The story begins in Greenwich, Connecticut in 1844. Farm girl ‘Miranda Wells’ (Tierney) pines for a more romantic life than is offered under the stern religious strictures demanded by her father (Walter Huston). Hope and change come when imposing cousin ‘Nicholas Van Ryn’ (Price) offers her a position tutoring his daughter at his estate in Hudson, New York. The outward luxury of Dragonwyck, and its long tradition of small farm-plot tenants paying homage to the “patroon” (Price’s character) has hidden rot: the ruling family is cold, seemingly cursed, the tenants poised to revolt. Guileless and considerate Miranda has been drawn into a web she can’t easily escape.

With the backdrop of the ‘Anti-Rent War’ that rocked New York from 1839 to 1845, the Gothic-flavored family drama unfolds with excellent characterizations from the stars (the offbeat Price getting his first full-fledged lead) and supporting players. Offering solace or sabotage are Glenn Langan (sympathetic ‘Dr. Jeff Turner’, taken with Miranda), Vivienne Osborne (Nicholas’ sickly wife ‘Johanna’), Spring Byington (against type as silkily malign housekeeper ‘Magda’) and Jessica Tandy (partially lame maid ‘Peg O’Malley’, taunted by Nicholas for her physical imperfection).

Producer Darryl F. Zanuck made sure 20th’s studio resources were put to good use in the art direction (well appointed sets and matte backdrops), costuming, scoring (Alfred Newman, deft) camerawork (rich black & white tones via Arthur C. Miller) and editing (expert Dorothy Spencer; the same year she did Cluny Brown for Ernst Lubitsch and My Darling Clementine for John Ford).

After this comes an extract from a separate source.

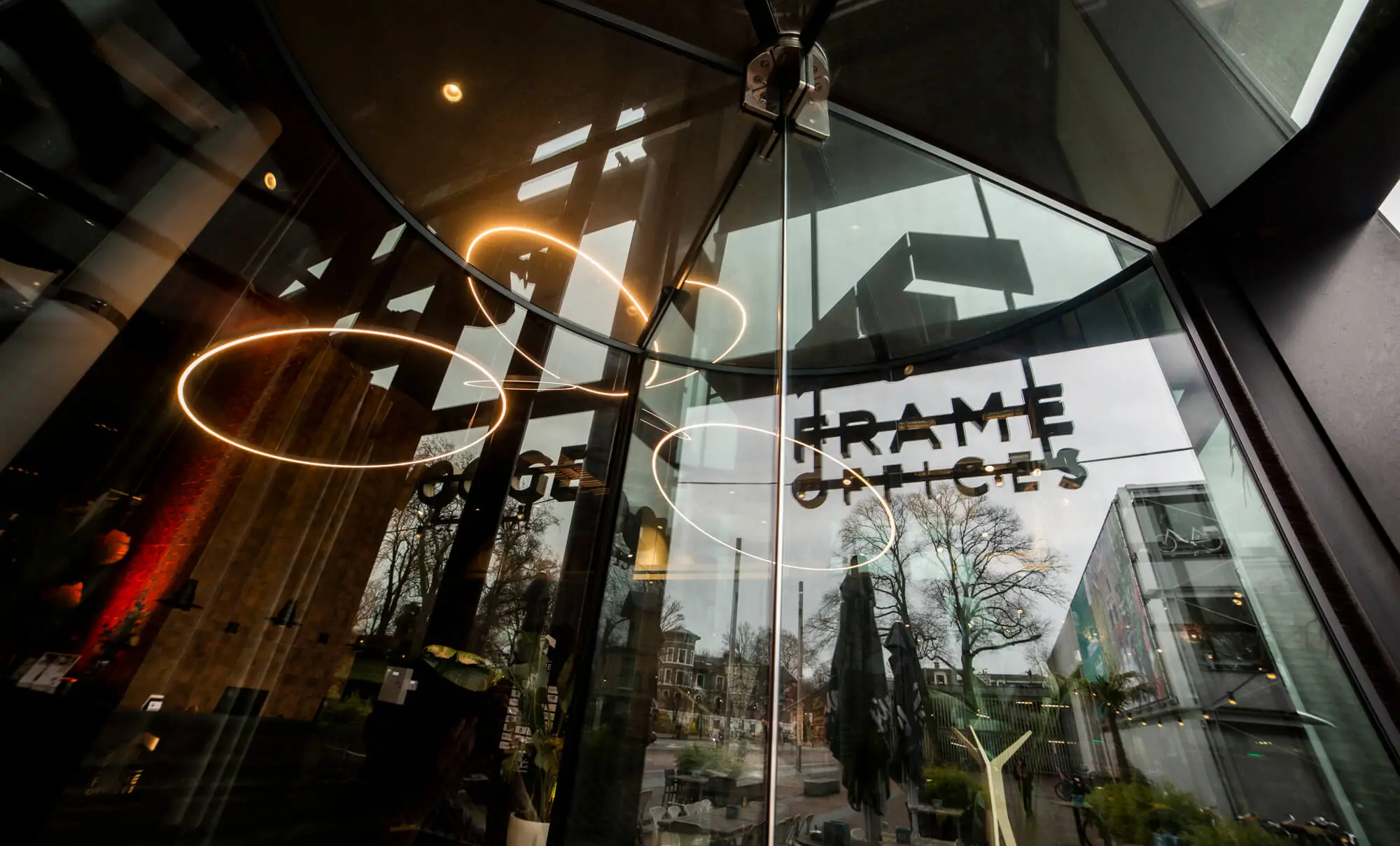 Moderne glazen entree van Frame Offices aan het Kennemerplein in Haarlem, met reflecties van de omgeving en sierlijke lichtarmaturen.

Older sci-fi fans know Glenn Langan was The Amazing Colossal Man, but that amusing 1957 monster matinee was a comedown for the ruggedly handsome actor, who’d once been accorded upward mobility roles in films like Margie and Forever Amber, only to see his career peter out into garbage like Mutiny In Outer Space and Women Of The Prehistoric Planet. When things finally tapped out (bit parts in Chisum and The Andromeda Strain), Langan caught another bug, real estate, and did well by that game. If you’re old enough to grok The Amazing Colossal Man, you may also have fond recall of Spring Byington as the sweet matron on TVs December Bride; that makes her faux-sweet deviousness in this movie a fun peek at another side she could summon and score with (Byington was an interesting person). The underrated Tierney’s Miranda has backbone as well as beauty: she holds her own against Price’s imperious, eventually unmoored aristocrat. Harkening to Laura, this plot contains another daunting portrait on a wall to give Tierney pause to reconsider her fate. I’ll take this surprisingly layered saga over the reputation-inflated Laura: fine, strike me from your cocktail party list: I’ll stagger forth somehow. Everyone has their prejudices, whether they admit them or not and that includes those who persist in piping up about movies (books, music, wine, baseball, peat moss…), obliquely presuming and positing their critical acumen is somehow 100% untainted. Yeah. I’ve always been aware of this title, but ignorantly presumed it would be something to yawn through (period piece, 1840s and “back East, yet”, snooty manners, lots of frilly clothes, no action, zzzz). Fooled myself. Not the first time, undoubtedly not the last.

Forgotten today, Dragonwyck was popular enough to come in 32nd back in 1946, with grosses appearing to be around seven or eight million Truman dollars. 103 minutes, with Anne Revere, Harry Morgan, Addison Richards, Grady Sutton, Walter Baldwin, Trevor Bardette.